Za nczas.com
Prezydent Andrzej Duda poinformował w poniedziałek, że zdecydował o podpisaniu ustawy o powołaniu Państwowej Komisji ds. badania wpływów rosyjskich na bezpieczeństwo wewnętrzne RP w latach 2007-2022, a także o skierowaniu jej w trybie następczym do Trybunału Konstytucyjnego. Do sprawy odniósł się w programie „Express Biedrzyckiej” poseł Konfederacji Krzysztof Bosak.
Sejm ustawę o powołaniu Państwowej Komisji ds. badania wpływów rosyjskich na bezpieczeństwo wewnętrzne RP w latach 2007-2022 uchwalił 14 kwietnia br. Z inicjatywą jej powołania wyszli w grudniu ub.r. posłowie PiS. Wskazywali, że komisja ma funkcjonować na zasadach podobnych do funkcjonowania komisji weryfikacyjnej ds. reprywatyzacji warszawskiej.
11 maja br. Senat podjął uchwałę o odrzuceniu ustawy ws. powołania tej komisji. W piątek przeciwko senackiej uchwale opowiedział się Sejm. W poniedziałek została ona podpisana przez Prezydenta RP Andrzeja Dudę, a także skierowana przez niego w trybie następczym do Trybunału Konstytucyjnego.
„To jest jak w teatrze”
– To jest jak w teatrze. Kiedy mamy w ramach scenografii zawieszoną na ścianie strzelbę, to możemy się spodziewać, że w którymś akcie ta strzelba zostanie zdjęta ze ściany, ale nie wiemy czy wystrzeli. Myślę, że tu też może być podobnie – uważa Krzysztof Bosak.
– Może być budowana pewna dramaturgia kampanii wyborczej wokół tematów wygodnych dla PiS-u, czyli polaryzowania społeczeństwa, kto jest posądzany o współpracę z Rosją, a kto nie jest, natomiast to nie znaczy, że nastąpi jakaś twarda eliminacja – powiedział.

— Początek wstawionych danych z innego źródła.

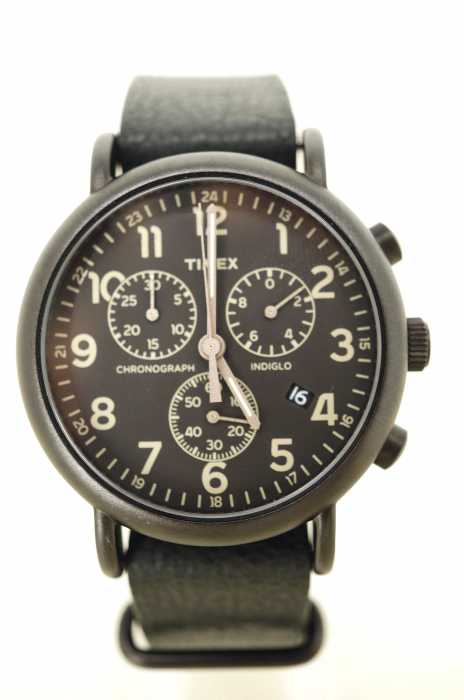 TIMEX （タイメックス） ウィークエンダー  クロノグラフ ブラックダイアル ブラックレザーストラップ メンズ 腕時計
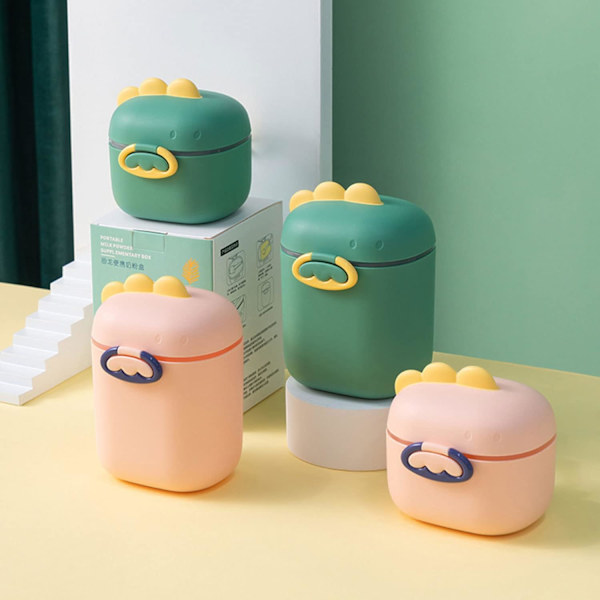 Mjölkpulverdoseringslåda, mjölkpulverdispenser (grön), baby mjölkpulverlåda, babyformuldispenser, bärbar mjölkpulverbehållare för småbarn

Odnosząc się do 10-letniego zakazu pełnienia urzędów publicznych, stwierdził, że „to się wcale nie musi wydarzyć”. – PiS-owi w zupełności wystarczy, że będzie wzywał na przesłuchania i będzie w trakcie kampanii wyborczej narzucał swoje tematy, które będą się sprowadzały do stygmatyzowania przeciwników politycznych, posądzania ich, grania pewnymi informacjami – podkreślił.
Przed komisję za kwestionowanie lockdownów?
– To może dotyczyć też dziennikarzy (…) po pierwsze tu nie muszą być posłowie w tej komisji, ta komisja nie ma nic wspólnego z typowymi komisjami sejmowymi czy komisjami śledczymi; po drugie przed tą komisję nie muszą być wzywani tylko politycy; po trzecie ta komisja nie musi się wcale zajmować tylko wpływami rosyjskimi – zaznaczył Bosak.
Następnie poseł Konfederacji odwołał się do art. 4 ustawy. Zgodnie z pkt. 2 tego artykułu: „Komisja bada również przypadki wpływów rosyjskich na działalność osób innych niż wskazane w ust. 1, o ile w istotny sposób oddziaływały one na bezpieczeństwo wewnętrzne lub godziły w interesy Rzeczypospolitej Polskiej w zakresie:
1) wpływu na środki masowego przekazu;
2) rozpowszechniania fałszywych informacji;
3) działalności stowarzyszeń lub fundacji;
4) działalności związków zawodowych, związków lub organizacji pracodawców;
5) funkcjonowania infrastruktury krytycznej;
6) funkcjonowania partii politycznych;
7) organizacji systemu opieki zdrowotnej, w szczególności zwalczania chorób zakaźnych;
8) ochrony granicy państwowej Rzeczypospolitej Polskiej”.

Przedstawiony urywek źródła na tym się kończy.